Exercise aim
From the first line of the entries down to the line with "بشقاب سرو سرامیکی", write out every line exactly; that last line counts, but pictures do not.
(Data begins)
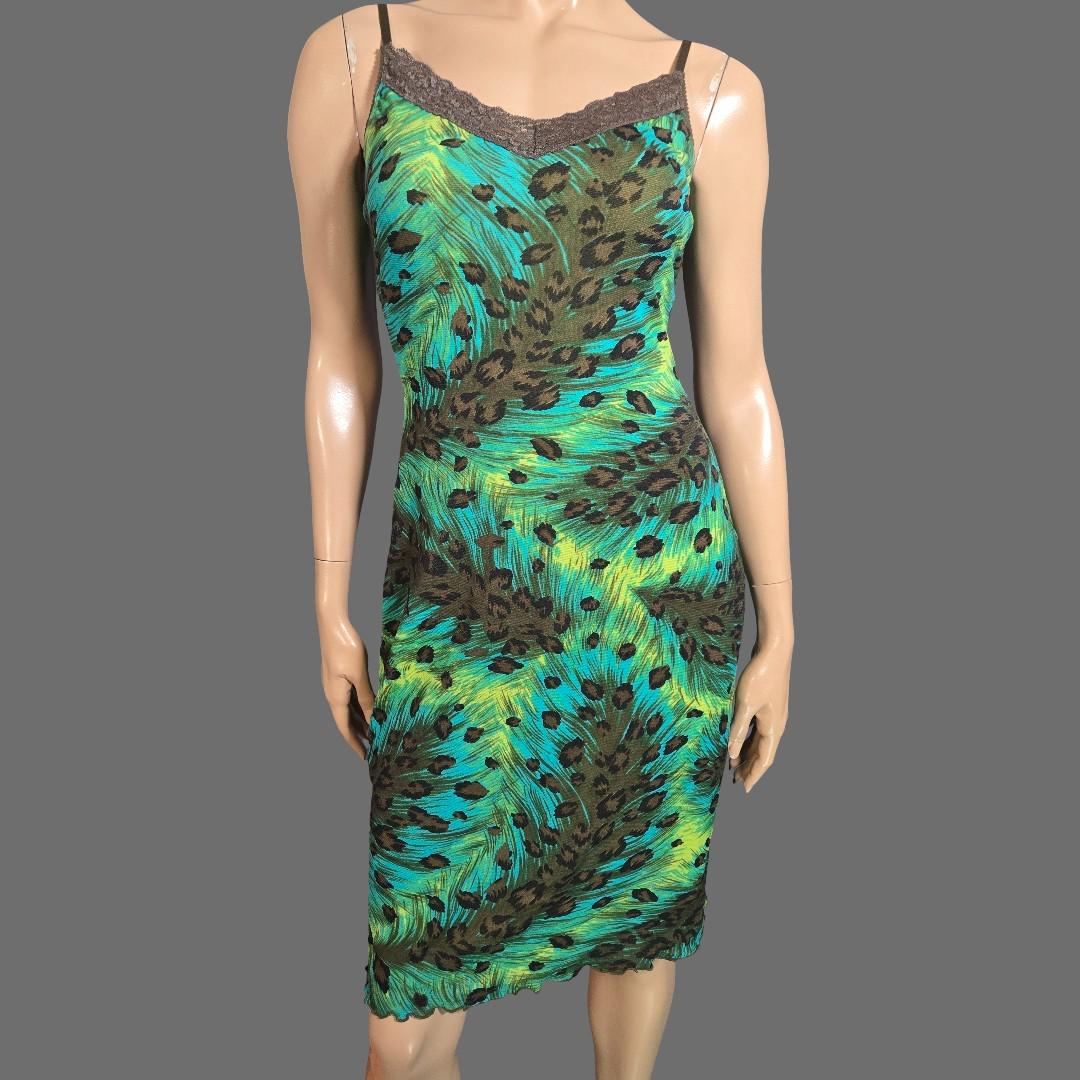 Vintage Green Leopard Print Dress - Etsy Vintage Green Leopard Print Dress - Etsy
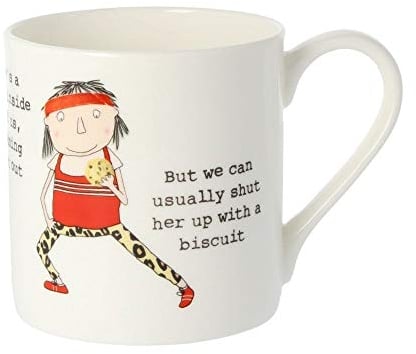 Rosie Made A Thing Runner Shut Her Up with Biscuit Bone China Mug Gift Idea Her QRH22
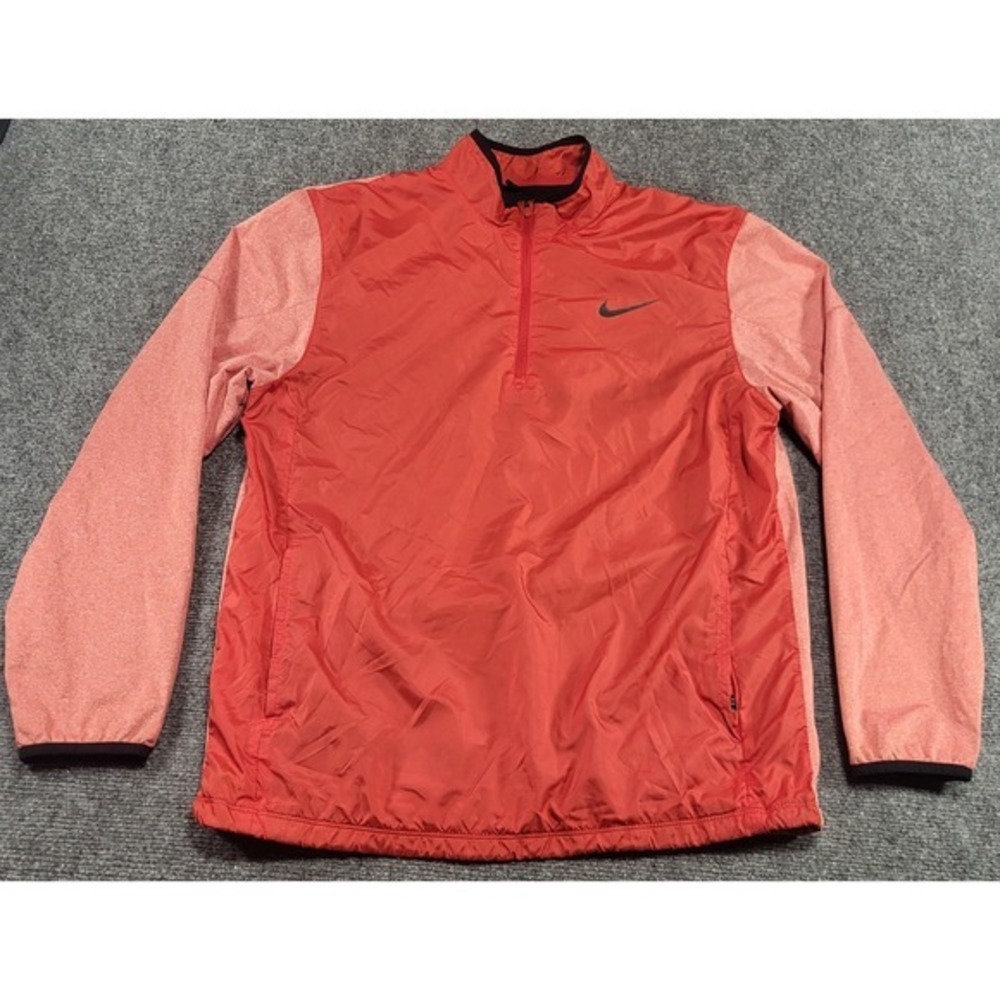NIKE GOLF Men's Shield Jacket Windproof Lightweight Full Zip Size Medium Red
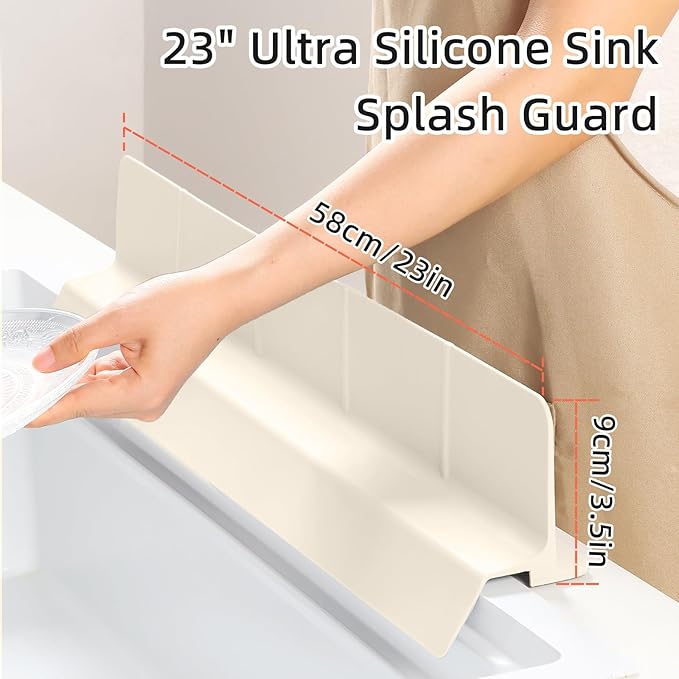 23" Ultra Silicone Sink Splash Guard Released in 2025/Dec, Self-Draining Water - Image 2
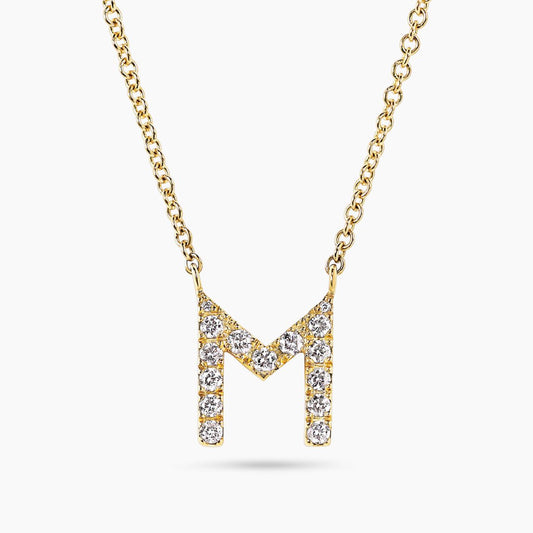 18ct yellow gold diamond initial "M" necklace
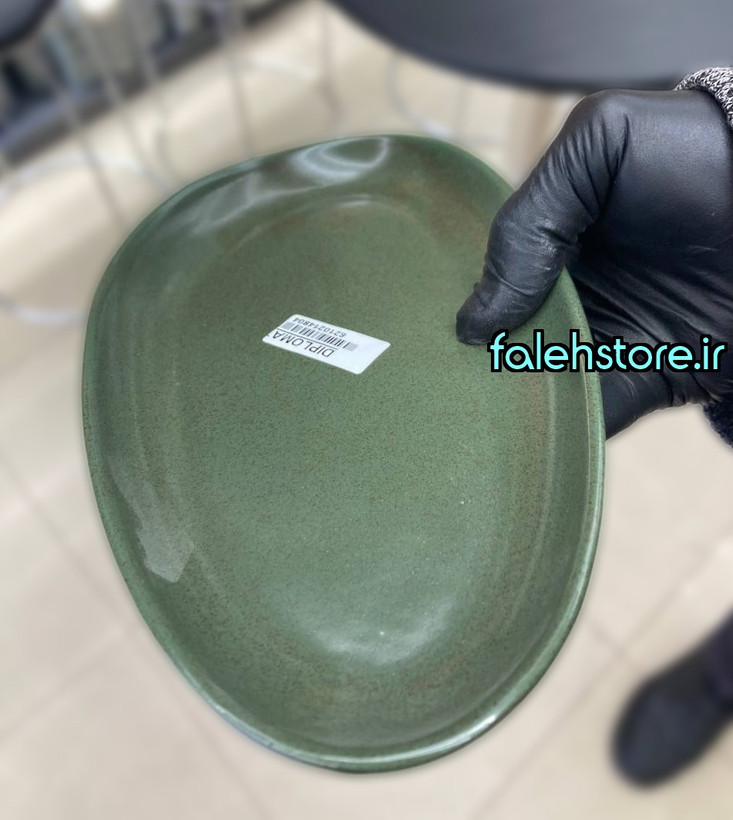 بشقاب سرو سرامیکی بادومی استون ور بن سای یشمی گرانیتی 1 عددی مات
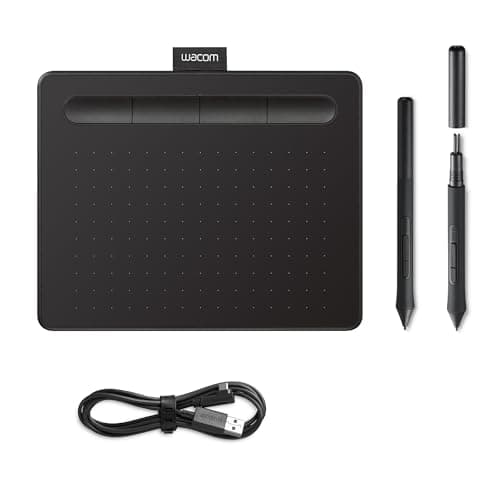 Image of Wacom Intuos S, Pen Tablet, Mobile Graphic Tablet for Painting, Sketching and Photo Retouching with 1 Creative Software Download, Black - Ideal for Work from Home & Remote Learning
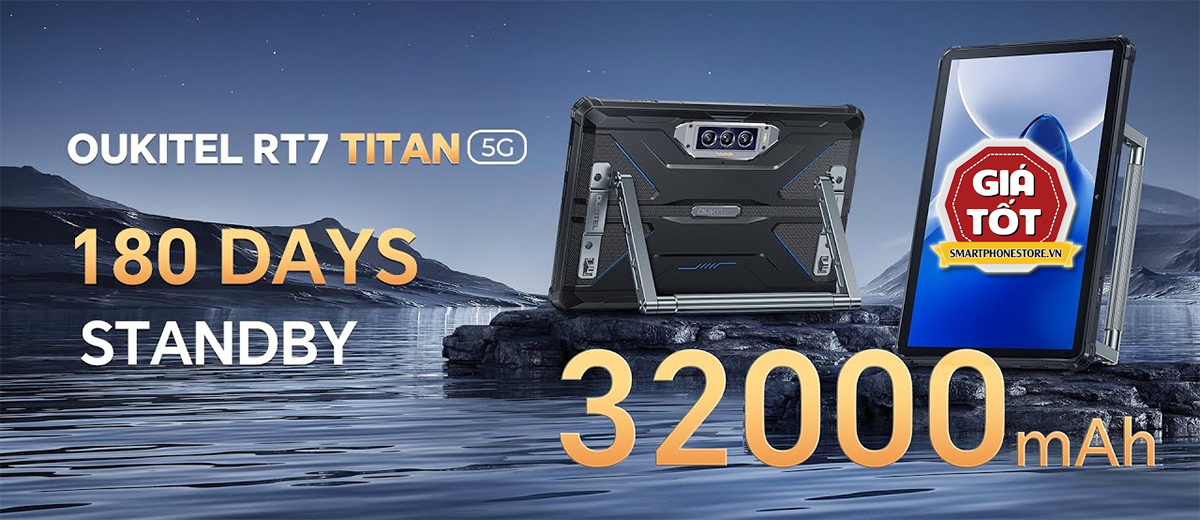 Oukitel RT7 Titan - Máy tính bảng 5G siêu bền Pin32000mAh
(Data ends)
Result of the exercise
 Vintage Green Leopard Print Dress - Etsy Vintage Green Leopard Print Dress - Etsy
 Rosie Made A Thing Runner Shut Her Up with Biscuit Bone China Mug Gift Idea Her QRH22
NIKE GOLF Men's Shield Jacket Windproof Lightweight Full Zip Size Medium Red
 23" Ultra Silicone Sink Splash Guard Released in 2025/Dec, Self-Draining Water - Image 2
 18ct yellow gold diamond initial "M" necklace
 بشقاب سرو سرامیکی بادومی استون ور بن سای یشمی گرانیتی 1 عددی مات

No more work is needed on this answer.